Paul Dembinski, directeur de l'Observatoire de la finance, professeur à l'Université de Fribourg

Paul Dembinski, directeur de l'Observatoire de la finance, professeur à l'Université de Fribourg

29 août 2024 à 00:00

Temps de lecture : 3 min

L’imposition individuelle des couples et familles fait débat au parlement. Les arguments mis en avant par le gouvernement sont d’une part l’égalité de traitement entre contribuables, indépendamment de l’état civil, d’autre part le souci de faire baisser la charge fiscale sur le conjoint au revenu le plus bas, en le dissociant du revenu le plus haut. La baisse de la charge fiscale subséquente devrait inciter le conjoint au revenu le plus faible – majoritairement les femmes – à augmenter sa participation au marché du travail.
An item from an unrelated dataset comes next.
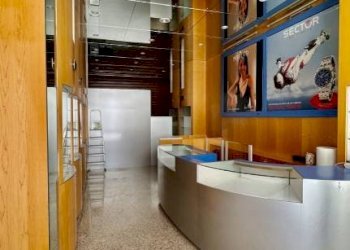 Interno non residenziale - Negozio via Italia, 12F, Biella - foto 8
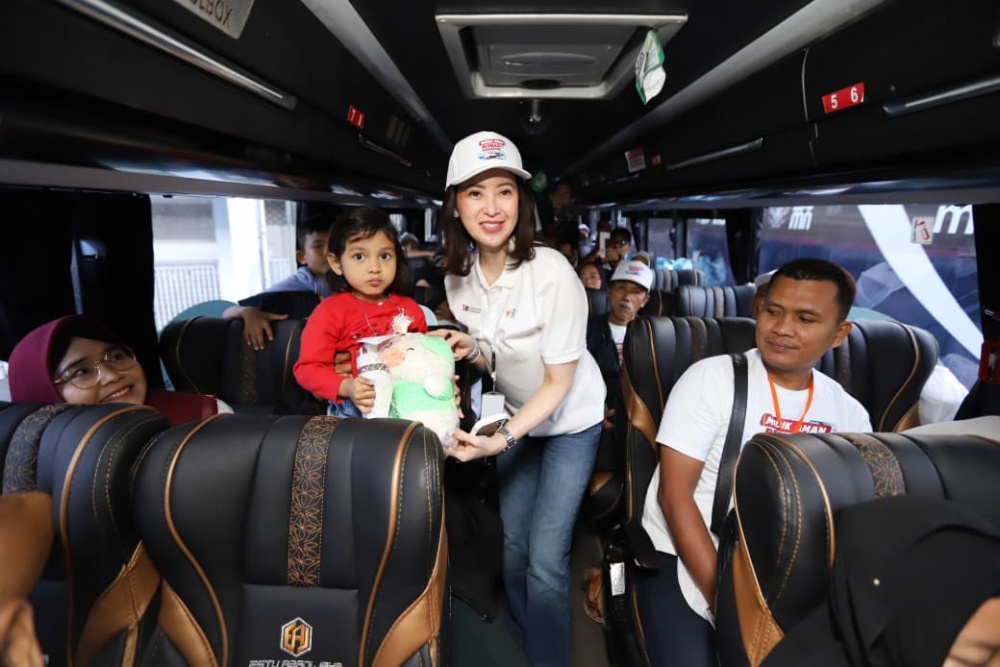 Senyum dan antusiasme mewarnai momen saat Wakil Direktur Utama BNI Alexandra Askandar berinteraksi dengan para pemudik di dalam bus sebelum keberangkatan program Mudik Gratis BUMN 2026 dari Ring Road Gelora Bung Karno (GBK), Jakarta.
Ces arguments – égalité et croissance – font mouche auprès des sensibilités politiques et sociétales différentes, ce qui permet d’entrevoir des alliances inattendues au moment du vote.

Toutefois, le débat ainsi circonscrit fait l’impasse sur un aspect dont dépend l’avenir de nos sociétés à moyen terme – la pérennité de la famille en tant qu’institution sociale et économique, sans parler de sa dimension morale. Le message du Conseil fédéral rappelle que dans le droit en vigueur, «la famille est considérée comme une unité économique et constitue donc aussi une unité au regard du droit fiscal (…) Les partenariats enregistrés entre deux personnes de même sexe sont assimilés au mariage». Or, l’acceptation du principe de l’imposition individuelle entraînerait automatiquement la «dissolution» de la famille, en tout cas au sens du droit fiscal.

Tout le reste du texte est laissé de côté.